- _Your task_
For this exercise, print all of the data exactly as given.

- _Supplied data_
++++++++
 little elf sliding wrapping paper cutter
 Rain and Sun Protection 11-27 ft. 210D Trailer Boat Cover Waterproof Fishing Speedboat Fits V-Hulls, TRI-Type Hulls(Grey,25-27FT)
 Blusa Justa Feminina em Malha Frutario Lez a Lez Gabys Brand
++++++++
- _Answer to the exercise_
 little elf sliding wrapping paper cutter
 Rain and Sun Protection 11-27 ft. 210D Trailer Boat Cover Waterproof Fishing Speedboat Fits V-Hulls, TRI-Type Hulls(Grey,25-27FT)
 Blusa Justa Feminina em Malha Frutario Lez a Lez Gabys Brand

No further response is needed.